In his recent decision in Redwing, Mr Justice Akenhead looked at the risk involved in seeking enforcement of an Adjudicator’s Award and how that risk should be reflected in any CFA success fee or ATE premium the successful party may seek to recover as part of its costs.
The usual position for litigation costs is that they should 'follow the event', that is, the successful party will usually recover its reasonable costs of the proceedings. However, the usual position in adjudication is that each party pays their own costs, unless the parties have agreed otherwise.
But if a successful party seeks to enforce the Adjudicator’s Award (almost always in the Technology and Construction Court (TCC)), options for managing litigation risk such as entering into a CFA and/or obtaining ATE Insurance come into play.
A CFA can allow a party to only pay the other side’s costs if it loses its claim, with that risk balanced by an 'uplift', often at 100 percent, in their own solicitor’s costs if they succeed. ATE Insurance allows a party to insure against its potential liability to pay the other side’s costs if they are not successful.

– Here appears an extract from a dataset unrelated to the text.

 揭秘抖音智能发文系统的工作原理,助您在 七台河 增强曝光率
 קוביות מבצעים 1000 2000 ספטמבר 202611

In deciding Redwing v Wishart, Akenhead J set out a number of key principles, confirming important issues to keep in mind when considering enforcement of an Adjudicator’s Award:
The following are some of the points arising:
- Such proceedings are relatively low risk for parties seeking enforcement as “the large majority….are successful”
- As such, “the courts…will think long and hard about allowing substantial CFA mark-ups”
- The courts will look to assess whether funding and risk arrangements were “reasonable and proportionate” and will guard against their use as a “commercial threat” by one party against the other
In these proceedings, Redwing entered into a CFA with their solicitors for the enforcement proceedings which included a 100 percent success fee, meaning the costs they sought to recover would double from £13,282 to £26,565, if they succeeded. Redwing also obtained ATE Insurance for cover against £20,000 of Wishart’s costs, in the event Redwing lost the enforcement proceedings. Redwing sought to recover the £8,500 premium it paid for this insurance as part of their costs of the proceedings, if they succeeded, which they did.
In his decision, Akenhead J made clear that the key consideration, when looking at whether CFAs and ATE Insurance premiums should be recoverable, is the level of risk facing the parties when such arrangements are entered into. This then informs the court as to whether those arrangements were “reasonable and proportionate” for the purpose of deciding costs.
Given the limited grounds for resisting enforcement of an Adjudicator’s Award and the resulting high rate of success for parties seeking to do so, Akenhead J emphasised that the courts will look very closely at success fee rates and premiums applied in such proceedings. In this case, he allowed Redwing only 20 percent of both its success fee and ATE premium on the basis that the risk of losing “was sufficiently low to undermine the reasonableness of imposing anywhere near [the] 100%” uplift sought.
What does this mean? The treatment given to CFAs and ATE Insurance by Akenhead J in Redwing is no different to the treatment given in cases in other courts and types of dispute. However, the judgment makes clear that when seeking to enforce an Adjudicator’s Award, the TCC will “think long and hard” about the actual risk of such litigation and will guard against parties using these steps as “commercial threat” to force a result.